“No doubt.”
“Then perhaps you’ll look for it: and read over her wishes in black and white.”
“To what end? It would make no difference in my decision. I tell you, ma’am, I am consulting Maude’s wishes in keeping her child at home.”
“I know better,” retorted the dowager, completely losing her temper. “I wish your poor dear wife could rise from her grave and confute you. It’s all stinginess; because you won’t part with a paltry bit of money.”
“No,” said Val, “it’s because I won’t part with my child. Understand me, Lady Kirton—had Maude’s wishes even been with you in this, I should not carry them out. As to money—I may have something to say to you on that score; but suppose we postpone it to a more fitting opportunity.”
“You wouldn’t carry them out!” she cried. “But you might be forced to, you mean man! That letter may be as good as a will in the eyes of the law. You daren’t produce it; that’s what it is.”
“I’ll give it you with pleasure,” said Val, with a smile. “That is, if I have kept it. I am not sure.”
She caught up her fan, and sat fanning herself. The reservation had suggested a meaning never intended to her crafty mind; her rebellious son-in-law meant to destroy the letter; and she began wondering how she could outwit him.
A sharp cry outside the door interrupted them. The children were only coming in to dessert now; and Reginald, taking a flying leap down the stairs, took rather too long a one, and came to grief at the bottom. Truth to say, the young gentleman, no longer kept down by poor Edward, was getting high-spirited and venturesome.
“What’s that?” asked Anne, as the nurse came in with them, scolding.
“Lord Elster fell down, my lady. He’s getting as tiresome as can be. Only to-day, I caught him astride the kitchen banisters, going to slide down them.”
“Oh, Regy,” said his mother, holding up her reproving finger.
The boy laughed, and came forward rubbing his arm, and ashamed of his tears. Val caught him up and kissed them away, drawing Maude also to his side.
That letter! The dowager was determined to get it, if there was a possibility of doing so. A suspicion that she would not be tolerated much longer in Lady Hartledon’s house was upon her, and she knew not where to go. Kirton had married again; and his new wife had fairly turned her out more unceremoniously than the late one did. By hook or by crook, she meant to obtain the guardianship of her granddaughter, because in giving her Maude, Lord Hartledon would have to allow her an income.

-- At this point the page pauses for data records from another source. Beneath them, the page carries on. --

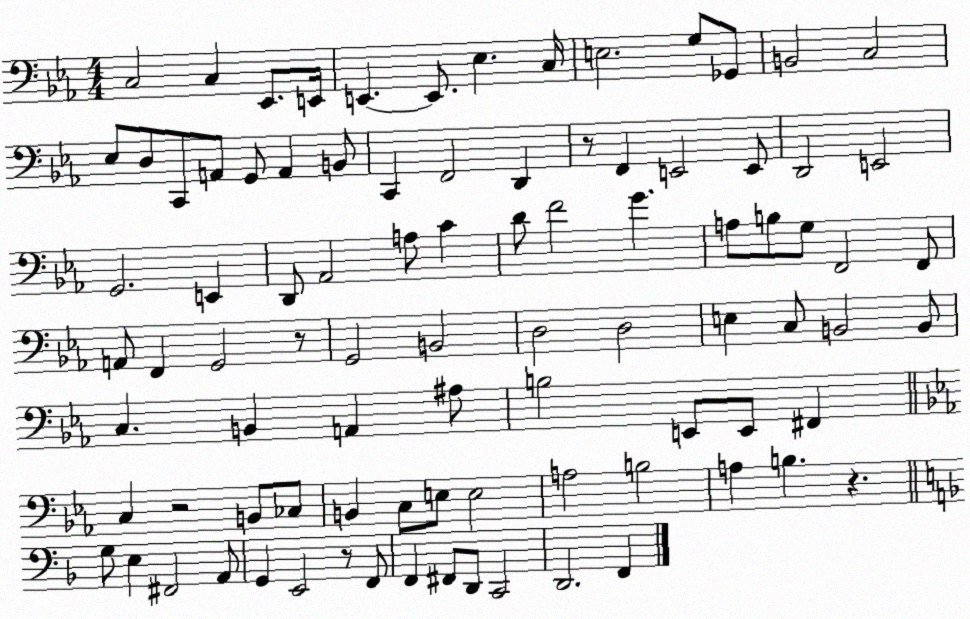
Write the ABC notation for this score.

X:1
T:Untitled
M:4/4
L:1/4
K:Eb
C,2 C, _E,,/2 E,,/4 E,, E,,/2 _E, C,/4 E,2 G,/2 _G,,/2 B,,2 C,2 _E,/2 D,/2 C,,/2 A,,/2 G,,/2 A,, B,,/2 C,, F,,2 D,, z/2 F,, E,,2 E,,/2 D,,2 E,,2 G,,2 E,, D,,/2 _A,,2 A,/2 C D/2 F2 G A,/2 B,/2 G,/2 F,,2 F,,/2 A,,/2 F,, G,,2 z/2 G,,2 B,,2 D,2 D,2 E, C,/2 B,,2 B,,/2 C, B,, A,, ^A,/2 B,2 E,,/2 E,,/2 ^F,, C, z2 B,,/2 _C,/2 B,, C,/2 E,/2 E,2 A,2 B,2 A, B, z G,/2 E, ^F,,2 A,,/2 G,, E,,2 z/2 F,,/2 F,, ^F,,/2 D,,/2 C,,2 D,,2 F,,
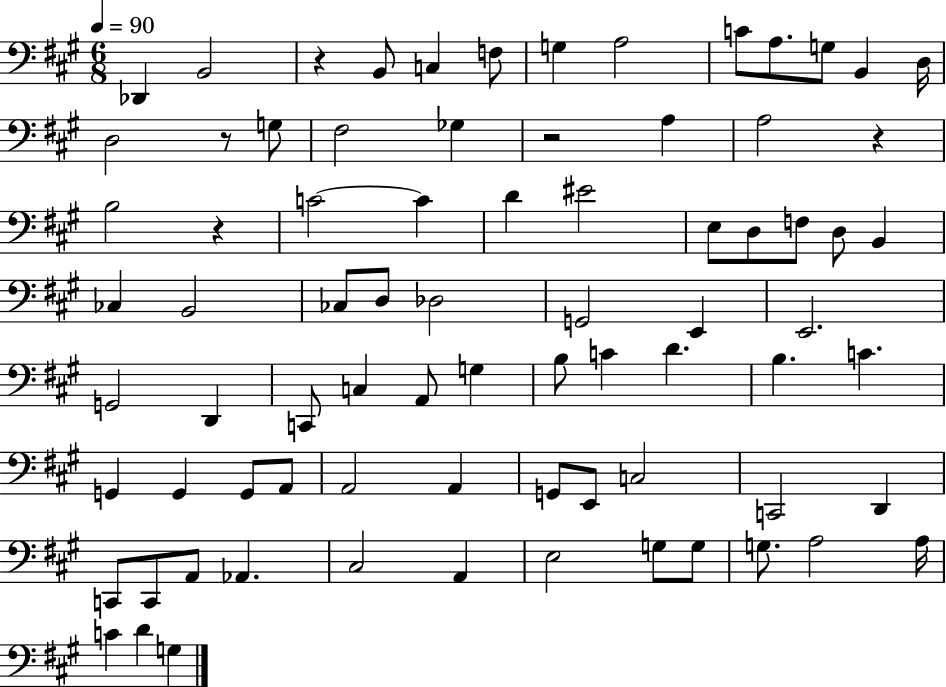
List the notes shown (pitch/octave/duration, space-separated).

Db2/q B2/h R/q B2/e C3/q F3/e G3/q A3/h C4/e A3/e. G3/e B2/q D3/s D3/h R/e G3/e F#3/h Gb3/q R/h A3/q A3/h R/q B3/h R/q C4/h C4/q D4/q EIS4/h E3/e D3/e F3/e D3/e B2/q CES3/q B2/h CES3/e D3/e Db3/h G2/h E2/q E2/h. G2/h D2/q C2/e C3/q A2/e G3/q B3/e C4/q D4/q. B3/q. C4/q. G2/q G2/q G2/e A2/e A2/h A2/q G2/e E2/e C3/h C2/h D2/q C2/e C2/e A2/e Ab2/q. C#3/h A2/q E3/h G3/e G3/e G3/e. A3/h A3/s C4/q D4/q G3/q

She was a woman to stop at nothing; and upon quitting the dining-room she betook herself to the library—a large, magnificent room—the pride of Hartledon. She had come in search of Val’s desk; which she found, and proceeded to devise means of opening it. That accomplished, she sat herself down, like a leisurely housebreaker, to examine it, putting on a pair of spectacles, which she kept surreptitiously in a pocket, and would not have worn before any one for the world. She found the letter she was in search of; and she found something else for her pains, which she had not bargained for.